→ **Assignment**: "system" appears in how many lines of the entries? State only the number.

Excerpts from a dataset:
****************************************
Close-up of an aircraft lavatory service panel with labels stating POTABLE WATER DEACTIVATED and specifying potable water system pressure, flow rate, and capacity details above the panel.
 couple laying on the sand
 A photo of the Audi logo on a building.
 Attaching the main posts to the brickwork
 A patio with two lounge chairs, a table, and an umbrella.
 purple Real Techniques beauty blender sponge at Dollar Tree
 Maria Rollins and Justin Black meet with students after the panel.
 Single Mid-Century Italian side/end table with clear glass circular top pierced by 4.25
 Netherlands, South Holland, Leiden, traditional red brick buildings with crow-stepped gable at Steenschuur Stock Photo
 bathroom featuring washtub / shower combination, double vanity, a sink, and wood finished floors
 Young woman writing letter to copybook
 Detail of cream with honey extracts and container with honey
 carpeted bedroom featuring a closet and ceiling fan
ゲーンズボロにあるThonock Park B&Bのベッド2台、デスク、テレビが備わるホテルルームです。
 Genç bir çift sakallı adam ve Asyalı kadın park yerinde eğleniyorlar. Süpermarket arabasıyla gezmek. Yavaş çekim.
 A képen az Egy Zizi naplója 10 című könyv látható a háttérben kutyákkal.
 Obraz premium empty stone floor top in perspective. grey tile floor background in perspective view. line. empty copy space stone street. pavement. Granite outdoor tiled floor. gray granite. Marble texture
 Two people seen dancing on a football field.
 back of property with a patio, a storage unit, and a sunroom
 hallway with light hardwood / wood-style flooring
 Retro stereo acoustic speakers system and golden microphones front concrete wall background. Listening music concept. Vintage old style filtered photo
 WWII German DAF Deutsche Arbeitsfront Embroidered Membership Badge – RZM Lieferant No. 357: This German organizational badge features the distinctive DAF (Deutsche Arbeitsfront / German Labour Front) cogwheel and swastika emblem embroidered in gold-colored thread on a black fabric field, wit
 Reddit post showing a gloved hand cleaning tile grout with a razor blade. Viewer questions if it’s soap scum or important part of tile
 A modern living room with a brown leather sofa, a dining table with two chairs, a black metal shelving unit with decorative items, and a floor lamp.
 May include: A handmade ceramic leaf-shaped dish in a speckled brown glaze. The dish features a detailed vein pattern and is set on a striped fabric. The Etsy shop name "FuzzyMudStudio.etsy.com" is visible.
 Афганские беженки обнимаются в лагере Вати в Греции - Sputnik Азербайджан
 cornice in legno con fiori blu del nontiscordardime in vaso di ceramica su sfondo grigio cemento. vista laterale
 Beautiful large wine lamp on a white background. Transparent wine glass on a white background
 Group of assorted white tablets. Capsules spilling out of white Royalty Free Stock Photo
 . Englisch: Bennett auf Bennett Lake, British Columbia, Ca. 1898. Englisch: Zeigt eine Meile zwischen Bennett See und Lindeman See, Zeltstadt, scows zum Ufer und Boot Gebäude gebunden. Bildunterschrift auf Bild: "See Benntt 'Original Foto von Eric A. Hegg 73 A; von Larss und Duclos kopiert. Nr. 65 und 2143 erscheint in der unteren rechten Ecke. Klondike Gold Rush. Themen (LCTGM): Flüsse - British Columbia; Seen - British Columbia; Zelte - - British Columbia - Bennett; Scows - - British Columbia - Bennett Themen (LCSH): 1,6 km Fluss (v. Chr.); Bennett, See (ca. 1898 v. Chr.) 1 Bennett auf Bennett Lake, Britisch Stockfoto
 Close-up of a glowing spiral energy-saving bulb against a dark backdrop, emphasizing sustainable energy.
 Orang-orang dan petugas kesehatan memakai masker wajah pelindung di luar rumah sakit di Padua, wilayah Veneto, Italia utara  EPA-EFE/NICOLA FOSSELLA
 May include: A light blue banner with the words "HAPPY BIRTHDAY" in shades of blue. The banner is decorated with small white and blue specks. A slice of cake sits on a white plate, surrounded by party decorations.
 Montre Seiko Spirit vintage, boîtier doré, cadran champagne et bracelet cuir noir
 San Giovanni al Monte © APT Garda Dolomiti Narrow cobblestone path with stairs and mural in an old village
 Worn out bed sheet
****************************************
→ **Result**: 2